Comment by kingstnap

7 months ago

He has GLM 4.5 Running at ~100 Tokens per second.

Assumptions:

Batch 4x and get 400 tokens per second and push his power consumption to 900W instead of the underutilized 300W.

Electricity around €0.2/kWhr.

Tokens valued at €1/1M out.

Assume ~70% utilization.

Result:

You get ~1M tokens per hour which is a net profit of ~€0.8/hr. Which is a payoff time of a bit over a year or so given the €9K investment.

Honestly though there is a lot of handwaving here. The most significant unknown is getting high utilization with aggressive batching and 24/7 load.
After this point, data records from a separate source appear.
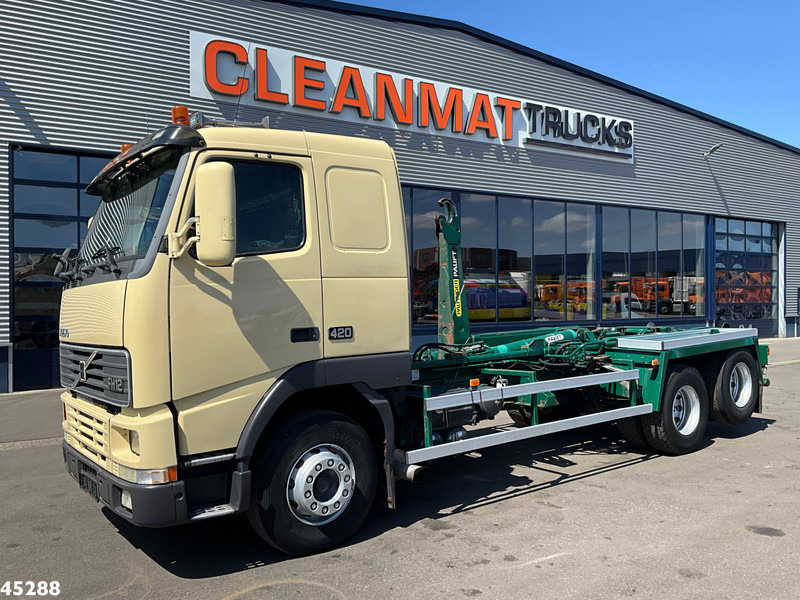 Volvo FH 12.420 Manual Full steel suspension! - Hákový nosič kontejnerů: obrázek 2 Volvo FH 12.420 Manual Full steel suspension! - Hákový nosič kontejnerů: obrázek 2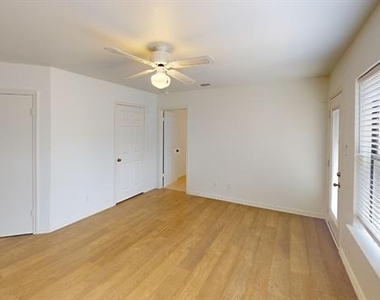 786 Pierre Lane - Photo Thumbnail 8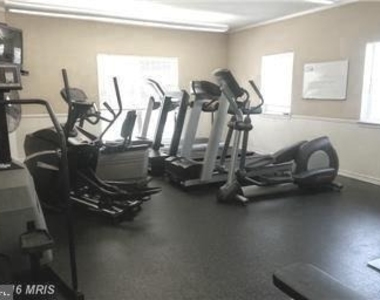 12165 Penderview Terrace - Photo Thumbnail 12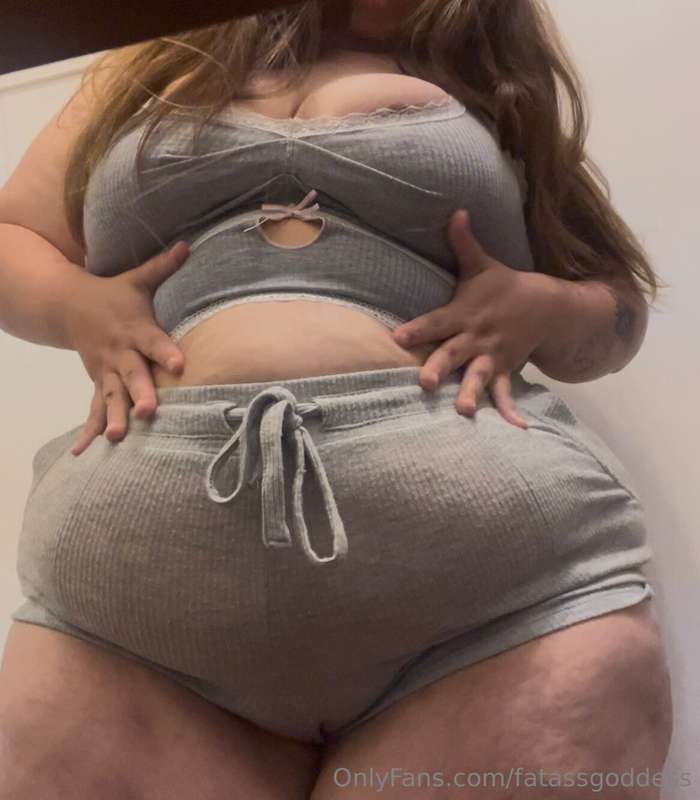 Fatassgoddess - Onlyfans - 30 Mar, 2025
Also the demand for privacy can make the utility of the tokens much higher than typical API prices for open source models.

In a sort of orthogonal way renting 2 H100s costs around $6 per hour which makes the payback time a bit over a couple months.

6 comments

kingstnap

PhilippGille 7 months ago

> He has GLM 4.5 Running at ~100 Tokens per second.

GLM 4.5 Air, to be precise. It's a smaller 166B model, not the full 355B one.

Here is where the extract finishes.